* [DESCRIPTION OF THE TASK]:
Starting from the line in which "Black dress with floral detail, belted waist" appears, set down each line exactly through the end of the listing, and nothing else. Leave out pictures.

* [SUPPLIED INFORMATION]:
******************************

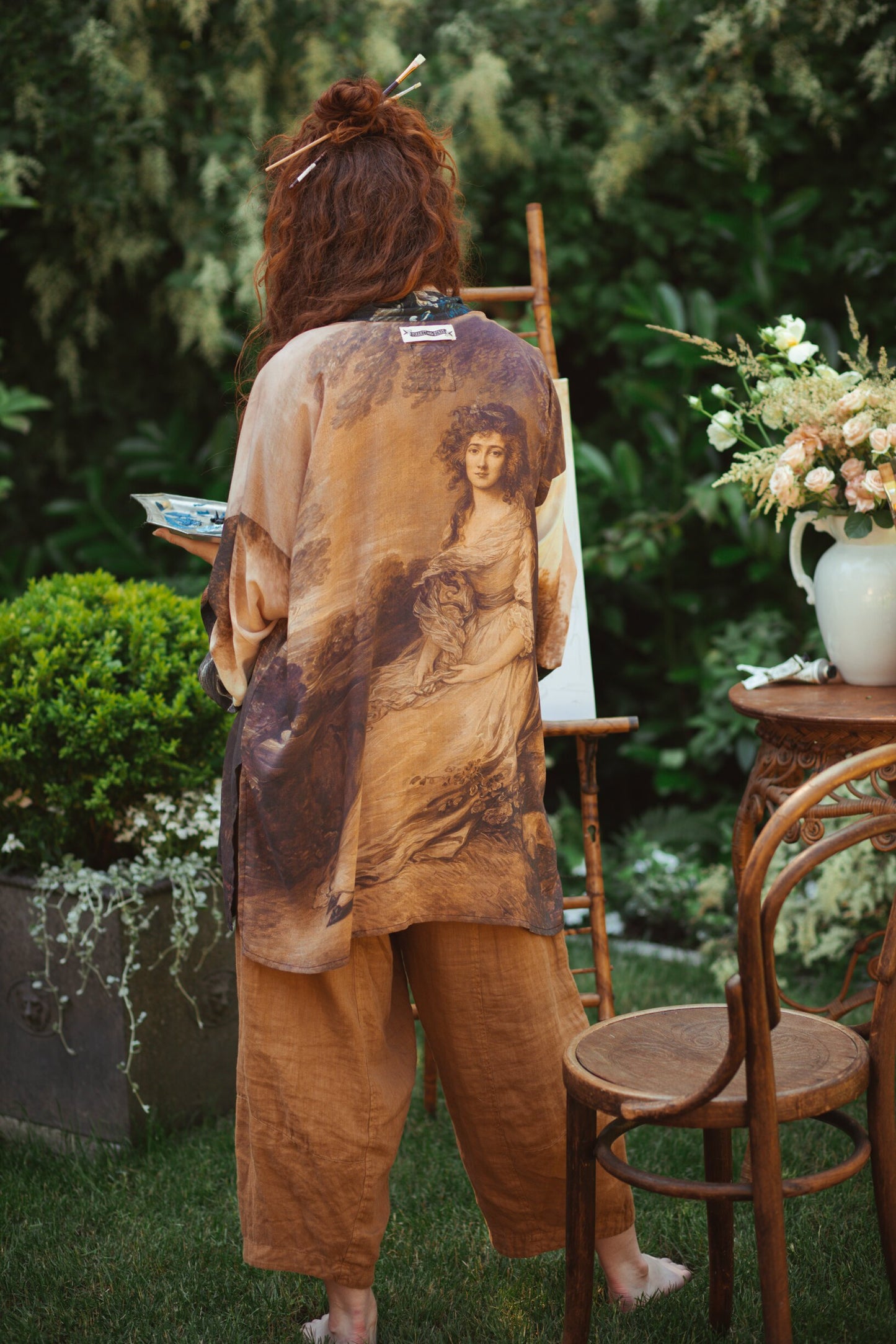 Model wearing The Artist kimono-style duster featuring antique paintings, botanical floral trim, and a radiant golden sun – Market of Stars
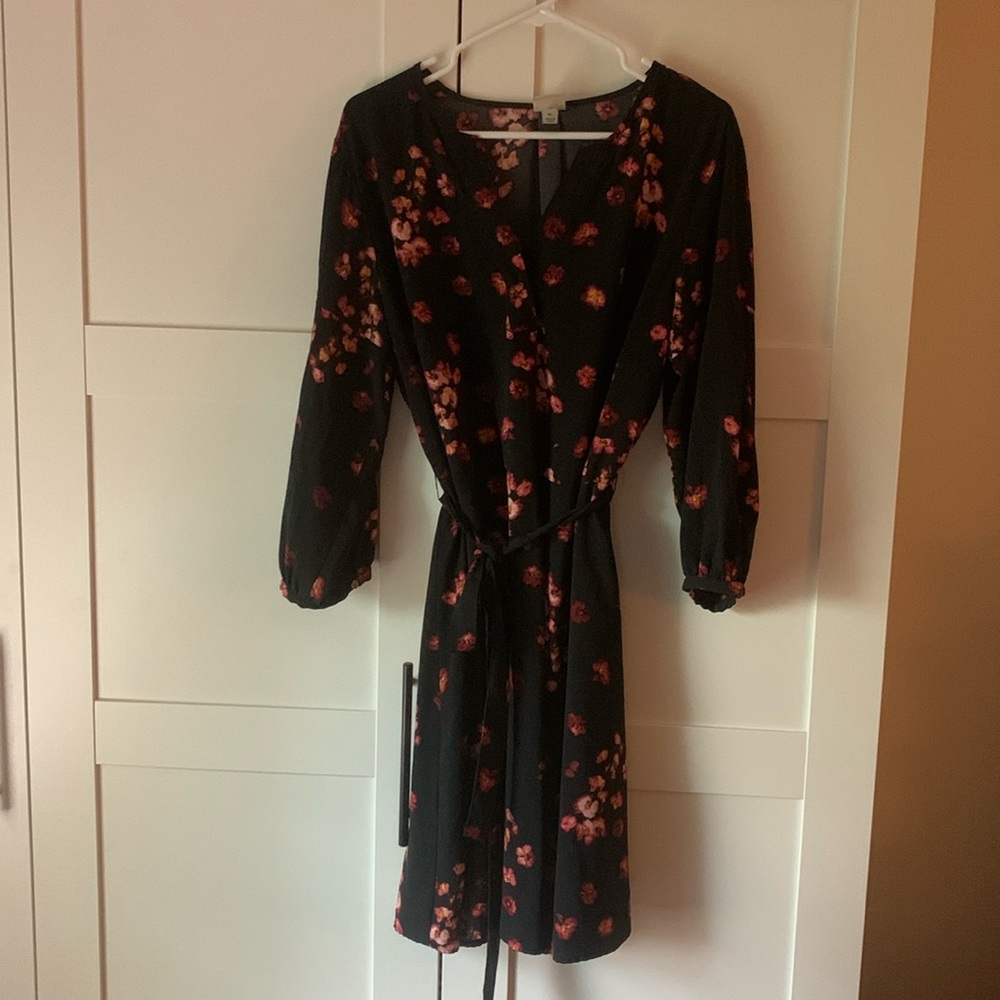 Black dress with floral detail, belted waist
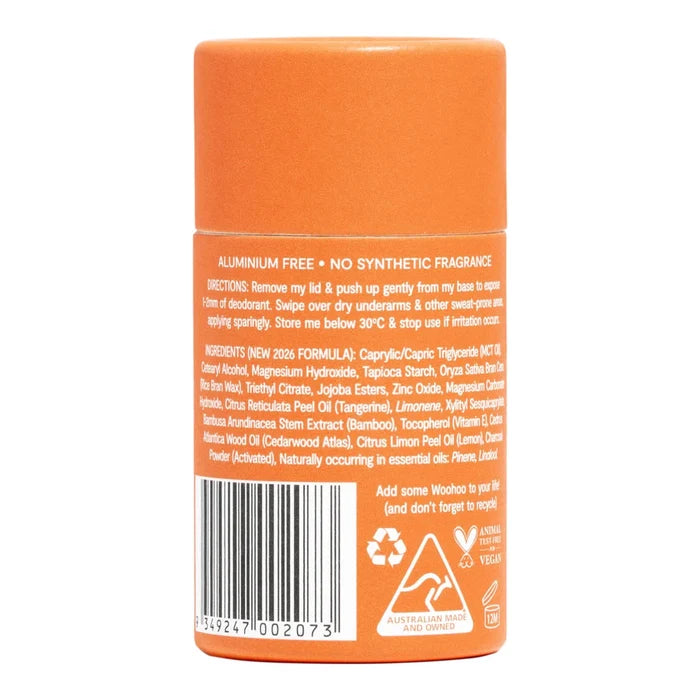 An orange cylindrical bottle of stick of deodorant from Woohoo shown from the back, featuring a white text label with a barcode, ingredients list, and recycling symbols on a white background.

******************************

* [TASK OUTPUT]:
 Black dress with floral detail, belted waist
 An orange cylindrical bottle of stick of deodorant from Woohoo shown from the back, featuring a white text label with a barcode, ingredients list, and recycling symbols on a white background.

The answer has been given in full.